This is your 3rd round. You probably aced the coding round, flipping some BST, or running around a graph. Good. Now your interviewer hits you with
design a system which takes position of the sun as the input and predict if Italian Stock Market will go up or down?
There are 3 ways you can go from here:
“I will be using the latest and greatest research in sequential models and slap it on the Sun coordinates. Put it on some GPUs. Profit.”
Go into the framework level details “I will use CUDA optimized kernels, to put my Logistic Regression model on”
“1) What” expression. (This was me)
Unfortunately, all 3 approaches will land you on the rejected pile.
so then what’s it about?
As much as I would be hated on to say this out loud. No, honestly, interviewers really don’t want you to know this. But, system design interviews are a more sophisticated version of ✨ vibe check ✨. Yes, they are technical behavioral rounds in disguise.
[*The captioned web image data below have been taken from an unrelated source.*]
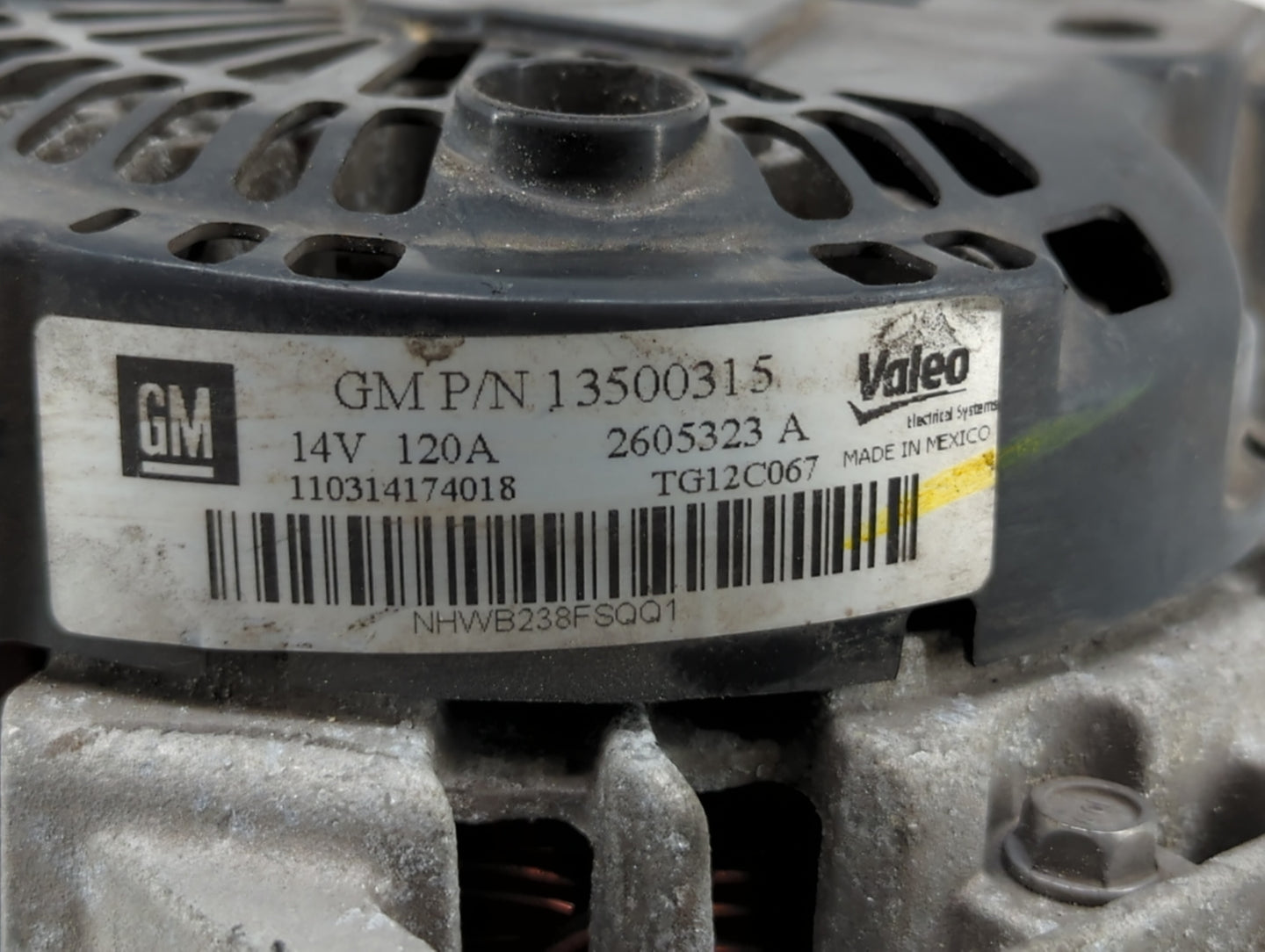 2010-2017 Chevrolet Equinox Alternator Replacement Generator Charging Assembly Engine OEM P/N:13500315 13588328 Fits OEM Use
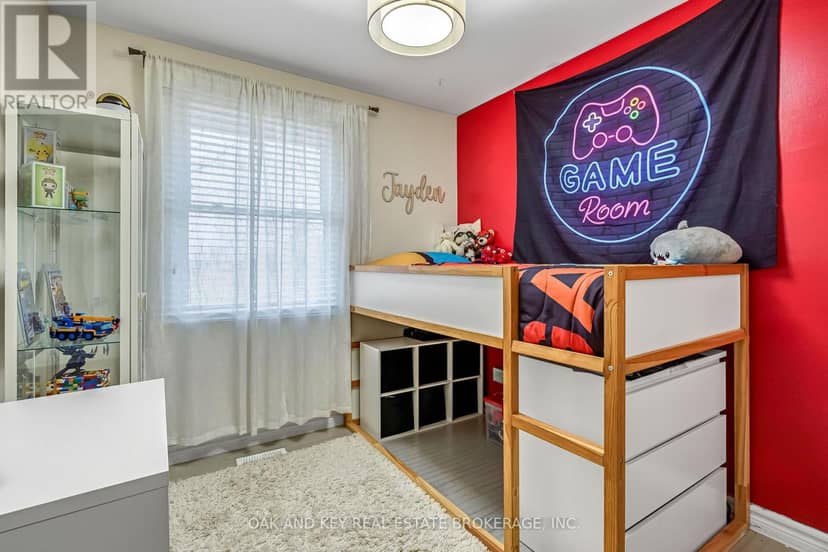 26 Sinclair Avenue — photo 14 of 33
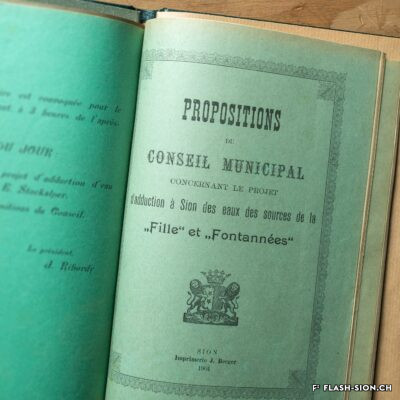 Projet d’adduction des eaux des sources de la « Fille » et « Fontannées » de 1901, propositions du Conseil Municipal, Archives de la Ville de Sion, 2022 © Pentamedia, Archives de la Ville de Sion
There is just no way anyone can know whether it will work or not — as long as your basics and your assumptions are valid.
“I will use F1 score instead of precision, because I believe recall is equally important” — Works ✅
“I will use precision instead of F1 score, because I believe precision is more important here. But I will keep track of precision seperately” — Also, works. ✅
“I will use precision” — this doesn’t work. ❌
“I will approach this question…” — this doesn’t work as well. ❌
By the end of the blogpost, I hope you will find out why they don’t work.
then how do we approach?
When you hear the question for the first time? Just don’t say anything. Have a 10-15s long pause and use that time to think about the question. You can use filler words like “hmmm…”, “I see..” etc. Use this time to think about why is this even a problem statement.
Using the earlier example of
design a system which takes position of the sun as the input and predict if Italian Stock Market will go up or down?
poking the problem statement
Here, you need to take a moment and recreate the thought process of your interviewer. Why was this problem given? Why is this even a problem? The more you understand the why the interviewer gave you this question, the more chances, you will say the answer they want.
My approach to this is, to understand what is the problem setting. Why is sun in the picture, why do we care about the Italian Stock Market. If it helps you to think, divide the question into sub-topics and understand why each of them made it to the question.
Here, the interviewer may say things like “We are only active during day time, so we only have the sun’s position as input”. Now you know why sun made it to the question, because they are unable to stay awake at night.
If you solve staying awake at night, then you have changed the rules. Now assuming moon coordinates are easier (for whatever reason), you just made the problem easier to solve.
Takeaway: Don’t treat the problem statement as the starting point, treat what caused the problem, as the starting point.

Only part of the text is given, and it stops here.